4. The basics of graduate education remain critical. No matter where it is based, the core of a rigorous military education program should be small seminars, demanding assignments, routine oral and written assessments, and constant feedback. Neither advanced classroom technology nor affiliation with an elite university can compensate for a classical, critical-thinking approach to teaching strategy. Struggling to analyze, understand, and write about national and military strategies using primary and secondary sources remains one of the most powerful ways to improve critical thinking skills.

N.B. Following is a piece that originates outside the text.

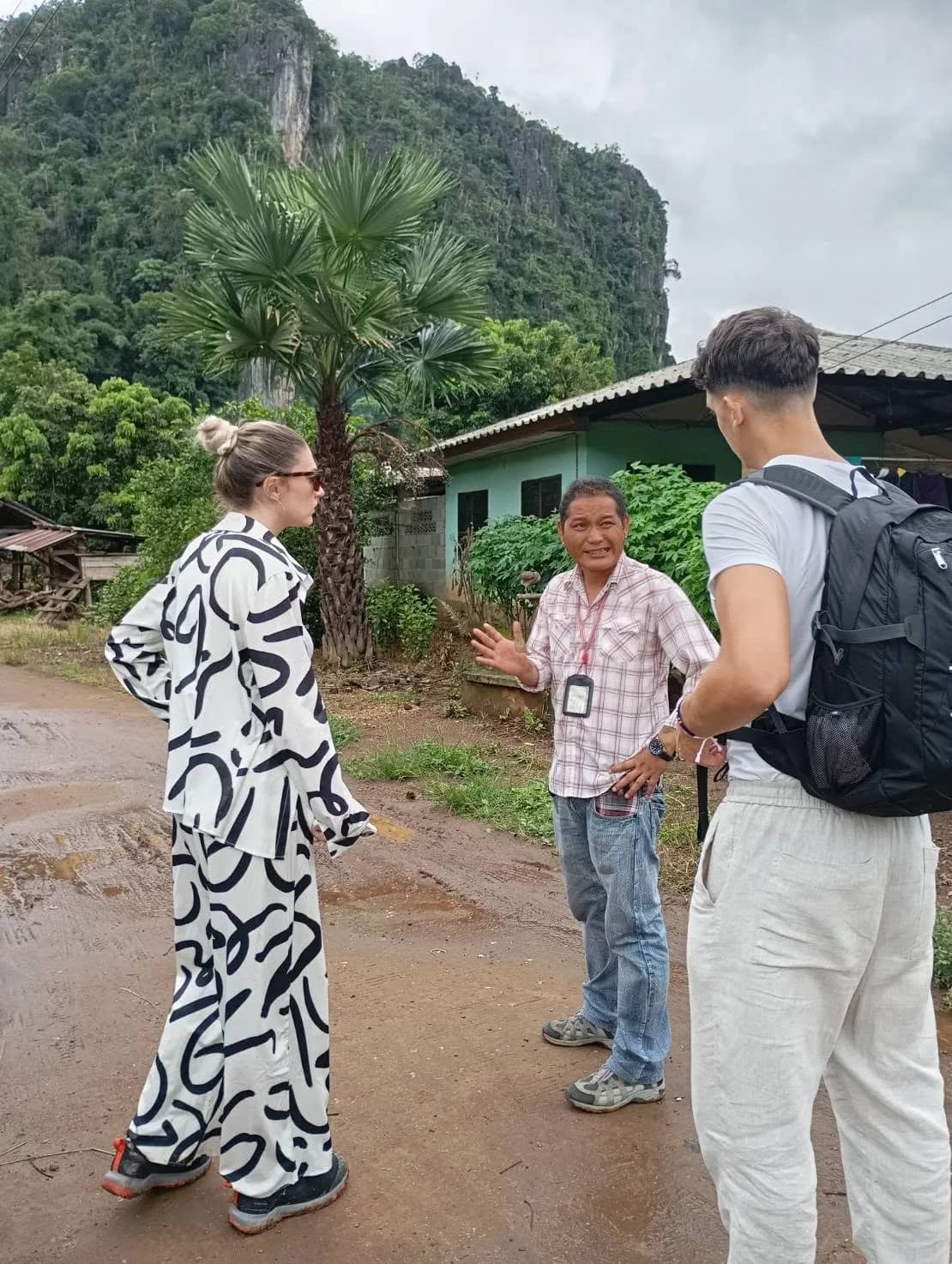 1 Day Sightseeing Chiang Dao Cave & 5 Differents Hill Tribe Villages + Cafe with panoramic views of Doi Luang Chiang Dao - photo 2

5. A program is only as good as its students. Finally, just as students are the key to STP’s success, so do they hold the key to rigorous PME. Students should have to apply for PME, just as they should have to apply for other selective military programs. Students should also be allowed to leave an educational program without paying a career penalty. In short, services need to think more seriously about who should attend professional education programs and why. This means that the services should forgo the longstanding, albeit informal practice, of considering PME as family time. If family time is needed, services should create specific sabbatical programs for that purpose. Under the current structure, they dilute the education and devalue the student at the same time.
As a teacher and observer, I have found that the Strategic Thinkers Program stands out as the Defense Department’s most rigorous and rewarding military education program. If DOD can protect STP while using lessons gleaned from it to reform professional military education more broadly, PME schools might, at last, turn away from teaching to a minimal standard, and start offering the demanding education students deserve. With the Strategic Thinkers Program at least now a beacon exists for other PME institutions to follow.
Paula G. Thornhill is a retired U.S. Air Force brigadier general. She is an associate professor at Johns Hopkins University’s School of Advanced International Studies and is the author of Demystifying the American Military.